Thursday, February 26, 2009
By Brice Cherry
Tribune-Herald staff writer
When you’re running and gunning, you’re going to leave a few victims riddled with bullet holes.
Triggering their fast break from the get-go, the No. 6 Baylor Lady Bears zipped past Texas Tech, 83-53, Wednesday night at the Ferrell Center in a game Tech coach Kristy Curry likened to a “drive-by shooting.”
Baylor darted to three breakaway baskets in a 12-2 game-opening run, and never decelerated.
“I thought transition set the tone with Kelli (Griffin) pushing the ball up the floor,” Baylor coach Kim Mulkey said. “We would get a rebound, a turnover, and we were gone. We were getting to a lot of loose balls in the paint, helping our post players, and we just took off.”
Mulkey said she challenged Griffin following BU’s 66-58 loss to No. 2 Oklahoma last Saturday, and loved how her sophomore point guard responded. Griffin finished with a career-high eight assists and five steals.
“We just basically laid it out to her, ‘I’m tired of getting aggravated with you, and having to bring you off the floor for a quick turnover or not doing something,’” Mulkey said. “You can’t play at the level we want to play at without having a quarterback that runs the show. And I thought the whole play of Kelli Griffin tonight dictated the flow of everybody.”
Tech, which shot 27.5 percent, struggled to find much offense outside of freshman post Kierra Mallard, who banged her way to 18 points. But Mallard’s buckets weren’t enough to quell BU’s onslaught, as Baylor (22-4, 10-3 Big 12) led 23-7 by the 11:40 mark of the first half.
BU junior Danielle Wilson recorded a special milestone with 13:20 to go when she snatched an offensive rebound and stuck in a putback while drawing a foul. That gave Wilson 1,001 career points — making her the third BU player, after Jessica Morrow and Rachel Allison, to join that club. Wilson tallied 13 points and 13 rebounds for her 16th double-double of the season.
“Anytime a player reaches 1,000 points, that’s a special milestone,” said Wilson, who was honored . “But it’s one game, and you’ve got to continue playing.”
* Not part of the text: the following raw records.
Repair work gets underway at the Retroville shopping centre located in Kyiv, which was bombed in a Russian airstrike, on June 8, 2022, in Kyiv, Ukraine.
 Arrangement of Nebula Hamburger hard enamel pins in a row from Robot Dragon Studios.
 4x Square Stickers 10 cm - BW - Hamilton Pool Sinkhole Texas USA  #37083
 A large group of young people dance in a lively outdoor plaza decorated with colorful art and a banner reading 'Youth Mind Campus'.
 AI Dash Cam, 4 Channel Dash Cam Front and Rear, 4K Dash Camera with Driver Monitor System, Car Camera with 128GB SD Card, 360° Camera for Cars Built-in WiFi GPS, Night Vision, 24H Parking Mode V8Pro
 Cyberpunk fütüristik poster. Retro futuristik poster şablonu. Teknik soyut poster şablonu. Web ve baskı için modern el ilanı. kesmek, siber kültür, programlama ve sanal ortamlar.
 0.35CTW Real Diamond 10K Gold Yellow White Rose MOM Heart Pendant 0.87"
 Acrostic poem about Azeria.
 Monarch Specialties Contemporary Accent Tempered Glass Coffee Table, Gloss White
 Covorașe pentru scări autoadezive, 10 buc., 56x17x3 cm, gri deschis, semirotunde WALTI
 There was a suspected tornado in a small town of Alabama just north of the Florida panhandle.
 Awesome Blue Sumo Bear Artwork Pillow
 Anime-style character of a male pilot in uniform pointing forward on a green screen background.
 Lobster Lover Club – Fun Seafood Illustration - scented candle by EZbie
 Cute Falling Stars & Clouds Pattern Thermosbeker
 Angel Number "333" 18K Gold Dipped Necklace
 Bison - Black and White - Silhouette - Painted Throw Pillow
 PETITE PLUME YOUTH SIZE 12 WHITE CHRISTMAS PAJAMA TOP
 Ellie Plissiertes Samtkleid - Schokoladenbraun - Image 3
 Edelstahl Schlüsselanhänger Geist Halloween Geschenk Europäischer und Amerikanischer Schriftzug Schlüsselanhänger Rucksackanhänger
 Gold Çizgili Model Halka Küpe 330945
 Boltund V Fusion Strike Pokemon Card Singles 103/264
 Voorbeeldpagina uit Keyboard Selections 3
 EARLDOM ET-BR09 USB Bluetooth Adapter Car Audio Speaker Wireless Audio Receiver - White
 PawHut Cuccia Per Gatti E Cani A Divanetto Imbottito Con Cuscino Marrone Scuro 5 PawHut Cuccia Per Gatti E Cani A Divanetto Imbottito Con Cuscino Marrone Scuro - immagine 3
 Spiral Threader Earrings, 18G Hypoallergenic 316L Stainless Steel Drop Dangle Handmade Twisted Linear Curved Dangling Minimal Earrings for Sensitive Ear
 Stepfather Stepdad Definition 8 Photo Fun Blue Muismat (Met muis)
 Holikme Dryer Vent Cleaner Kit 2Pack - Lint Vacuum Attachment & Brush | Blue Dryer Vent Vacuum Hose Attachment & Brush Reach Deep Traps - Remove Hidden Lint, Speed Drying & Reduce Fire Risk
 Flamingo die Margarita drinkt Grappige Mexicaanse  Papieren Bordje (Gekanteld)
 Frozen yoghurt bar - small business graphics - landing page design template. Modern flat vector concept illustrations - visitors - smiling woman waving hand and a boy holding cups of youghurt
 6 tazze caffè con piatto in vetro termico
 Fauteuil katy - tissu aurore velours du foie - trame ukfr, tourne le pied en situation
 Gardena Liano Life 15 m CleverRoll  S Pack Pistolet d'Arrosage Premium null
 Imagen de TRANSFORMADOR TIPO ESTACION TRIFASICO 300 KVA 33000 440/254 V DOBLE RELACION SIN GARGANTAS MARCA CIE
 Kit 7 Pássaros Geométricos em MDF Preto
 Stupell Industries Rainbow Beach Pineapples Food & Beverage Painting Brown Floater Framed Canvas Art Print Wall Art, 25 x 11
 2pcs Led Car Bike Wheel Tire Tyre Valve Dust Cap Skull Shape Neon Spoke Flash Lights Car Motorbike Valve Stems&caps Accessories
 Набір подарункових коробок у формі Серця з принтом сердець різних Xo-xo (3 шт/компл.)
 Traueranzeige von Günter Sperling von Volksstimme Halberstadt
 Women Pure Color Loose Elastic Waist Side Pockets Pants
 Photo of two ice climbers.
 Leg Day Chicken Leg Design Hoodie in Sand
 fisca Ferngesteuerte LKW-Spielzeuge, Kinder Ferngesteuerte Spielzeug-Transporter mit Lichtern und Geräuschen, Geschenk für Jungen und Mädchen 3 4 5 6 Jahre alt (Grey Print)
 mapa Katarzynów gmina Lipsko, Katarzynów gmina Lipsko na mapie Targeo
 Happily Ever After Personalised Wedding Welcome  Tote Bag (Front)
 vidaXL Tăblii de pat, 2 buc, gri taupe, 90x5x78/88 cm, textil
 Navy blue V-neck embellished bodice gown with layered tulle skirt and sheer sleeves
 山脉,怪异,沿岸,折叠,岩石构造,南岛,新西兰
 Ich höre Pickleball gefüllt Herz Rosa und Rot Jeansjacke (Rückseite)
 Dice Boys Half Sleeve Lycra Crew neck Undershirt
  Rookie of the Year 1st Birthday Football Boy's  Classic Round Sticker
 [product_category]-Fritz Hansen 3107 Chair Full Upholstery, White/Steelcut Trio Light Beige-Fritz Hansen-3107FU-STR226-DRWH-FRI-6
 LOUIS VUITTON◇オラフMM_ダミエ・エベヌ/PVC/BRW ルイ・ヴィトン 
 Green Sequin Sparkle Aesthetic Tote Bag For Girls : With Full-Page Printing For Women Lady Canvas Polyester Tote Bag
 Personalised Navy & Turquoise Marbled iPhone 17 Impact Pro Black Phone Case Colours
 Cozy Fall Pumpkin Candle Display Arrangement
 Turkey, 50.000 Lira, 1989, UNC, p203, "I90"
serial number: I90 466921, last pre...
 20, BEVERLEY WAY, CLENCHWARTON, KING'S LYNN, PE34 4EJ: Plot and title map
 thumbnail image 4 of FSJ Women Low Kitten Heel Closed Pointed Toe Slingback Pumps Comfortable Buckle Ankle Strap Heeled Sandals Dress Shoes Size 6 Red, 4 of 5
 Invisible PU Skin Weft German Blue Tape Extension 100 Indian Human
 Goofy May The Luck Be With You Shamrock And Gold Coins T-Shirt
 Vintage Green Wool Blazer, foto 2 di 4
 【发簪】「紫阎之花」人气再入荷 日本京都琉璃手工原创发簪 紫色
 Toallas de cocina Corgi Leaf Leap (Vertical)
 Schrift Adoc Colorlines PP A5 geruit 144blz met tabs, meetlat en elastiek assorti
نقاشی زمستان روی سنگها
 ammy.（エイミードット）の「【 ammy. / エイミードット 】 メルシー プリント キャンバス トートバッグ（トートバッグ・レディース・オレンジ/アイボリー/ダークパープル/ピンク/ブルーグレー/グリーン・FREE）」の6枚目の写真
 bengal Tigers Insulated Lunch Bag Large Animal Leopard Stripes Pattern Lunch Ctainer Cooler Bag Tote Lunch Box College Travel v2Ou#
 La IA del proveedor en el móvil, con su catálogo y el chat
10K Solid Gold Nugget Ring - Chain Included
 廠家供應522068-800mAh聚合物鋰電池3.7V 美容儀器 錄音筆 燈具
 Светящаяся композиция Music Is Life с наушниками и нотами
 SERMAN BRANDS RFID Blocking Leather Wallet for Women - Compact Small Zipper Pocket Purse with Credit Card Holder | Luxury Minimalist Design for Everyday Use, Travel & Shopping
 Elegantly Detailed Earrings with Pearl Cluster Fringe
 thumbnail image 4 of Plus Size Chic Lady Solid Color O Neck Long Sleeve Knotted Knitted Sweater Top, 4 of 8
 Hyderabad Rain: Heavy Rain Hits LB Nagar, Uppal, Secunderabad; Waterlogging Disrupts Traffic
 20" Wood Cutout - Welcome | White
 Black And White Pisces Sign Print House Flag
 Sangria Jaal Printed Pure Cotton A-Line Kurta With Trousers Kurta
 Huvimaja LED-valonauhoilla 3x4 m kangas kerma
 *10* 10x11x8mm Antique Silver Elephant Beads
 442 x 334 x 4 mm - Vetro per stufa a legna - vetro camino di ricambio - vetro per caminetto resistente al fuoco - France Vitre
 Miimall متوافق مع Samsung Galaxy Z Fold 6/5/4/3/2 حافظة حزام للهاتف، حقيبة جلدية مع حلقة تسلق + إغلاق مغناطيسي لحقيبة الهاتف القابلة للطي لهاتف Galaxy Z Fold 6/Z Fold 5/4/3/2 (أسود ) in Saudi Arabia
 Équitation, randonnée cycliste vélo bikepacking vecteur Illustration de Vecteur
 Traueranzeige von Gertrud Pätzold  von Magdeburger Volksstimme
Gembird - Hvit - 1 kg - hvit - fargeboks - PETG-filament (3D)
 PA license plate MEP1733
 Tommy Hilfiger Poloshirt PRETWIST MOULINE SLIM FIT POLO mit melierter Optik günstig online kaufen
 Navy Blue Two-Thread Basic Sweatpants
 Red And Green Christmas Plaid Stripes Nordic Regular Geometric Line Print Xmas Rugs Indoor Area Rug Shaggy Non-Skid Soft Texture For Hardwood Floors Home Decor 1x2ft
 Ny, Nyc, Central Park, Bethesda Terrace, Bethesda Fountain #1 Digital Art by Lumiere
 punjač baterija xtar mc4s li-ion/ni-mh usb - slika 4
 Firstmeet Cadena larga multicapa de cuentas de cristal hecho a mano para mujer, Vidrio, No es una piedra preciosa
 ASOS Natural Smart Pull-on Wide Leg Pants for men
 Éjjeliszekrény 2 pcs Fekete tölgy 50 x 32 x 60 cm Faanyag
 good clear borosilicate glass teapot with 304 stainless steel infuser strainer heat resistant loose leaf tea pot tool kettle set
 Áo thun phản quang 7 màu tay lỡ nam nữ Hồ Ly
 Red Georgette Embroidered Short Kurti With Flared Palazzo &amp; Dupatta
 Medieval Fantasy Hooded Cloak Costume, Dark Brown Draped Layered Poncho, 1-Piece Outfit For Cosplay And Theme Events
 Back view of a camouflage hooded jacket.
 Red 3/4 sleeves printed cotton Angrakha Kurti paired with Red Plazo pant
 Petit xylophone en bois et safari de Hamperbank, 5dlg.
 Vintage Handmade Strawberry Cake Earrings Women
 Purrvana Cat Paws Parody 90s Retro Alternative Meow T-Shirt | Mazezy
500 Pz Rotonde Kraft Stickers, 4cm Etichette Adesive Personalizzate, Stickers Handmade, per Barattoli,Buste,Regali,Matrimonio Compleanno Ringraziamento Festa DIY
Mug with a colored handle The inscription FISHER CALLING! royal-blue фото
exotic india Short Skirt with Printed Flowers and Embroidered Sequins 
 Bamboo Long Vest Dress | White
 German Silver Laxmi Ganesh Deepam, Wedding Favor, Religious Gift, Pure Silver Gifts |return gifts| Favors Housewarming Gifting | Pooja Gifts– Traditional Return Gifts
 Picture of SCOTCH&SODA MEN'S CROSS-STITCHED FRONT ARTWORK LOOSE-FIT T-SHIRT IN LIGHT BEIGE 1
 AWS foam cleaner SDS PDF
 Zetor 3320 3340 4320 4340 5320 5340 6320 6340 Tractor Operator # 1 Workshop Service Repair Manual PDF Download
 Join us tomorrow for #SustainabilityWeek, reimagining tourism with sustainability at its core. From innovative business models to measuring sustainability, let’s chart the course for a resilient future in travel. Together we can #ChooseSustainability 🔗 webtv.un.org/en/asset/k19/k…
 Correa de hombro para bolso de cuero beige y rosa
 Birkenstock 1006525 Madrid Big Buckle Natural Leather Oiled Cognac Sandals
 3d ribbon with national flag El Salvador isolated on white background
After trailing by 20 at the half, the Lady Raiders (15-12, 5-8) sliced BU’s lead to 15 six minutes into the second half, capitalizing on a slight lull on offense by Baylor. But then Jhasmin Player swooped in to swat Mallard’s shot, grabbed the ball, whirled around a defender, raced downcourt, pump-faked a pass, then dropped in a layup to light a fire into the crowd — and her team.
Player’s bucket sparked a 16-4 Baylor run in which she scored 14 points, including a pair of treys.
“That was intense, an extremely intense situation we were in,” said Player, who finished with a team-high 18 points to go with three assists and four steals. “I got a couple of calls for me, and I just read them correctly, that’s all it was. You have a whole defense going at Danielle for 40 minutes, so somebody has to pick up the slack. ... It was nothing I did.”
By the end of BU’s surge, the Lady Bears led 72-45, allowing Mulkey to substitute liberally in the waning minutes.
In addition to Wilson and Player, three other Lady Bears scored in double figures. Morghan Medlock and Melissa Jones dropped in 12 and 10, respectively, off the bench, while Jessica Morrow hit for 11.
The Lady Bears stifled Tech guard Maria Moore at every turn, holding her to just five points after the senior ripped the nets for 22 in the teams’ first meeting.
For Baylor, it was just a feel-good kind of night.
“Sometimes after tough losses ... you can go in the tank a little bit,” Mulkey said. “This team responded. But I didn’t expect them to tank it. I expected them to have a little bit of fight in them, like I want to get back on that floor and play again. And they did.”
The Lady Bears will hit the road for their next game, playing Texas in Austin on Saturday.
BEAR FACTS: The only other time in Baylor history three players have surpassed the 1,000-point plateau in the same season came in 1982, when Debbie Polk, Gaye Pack and Jackie Valentine accomplished it.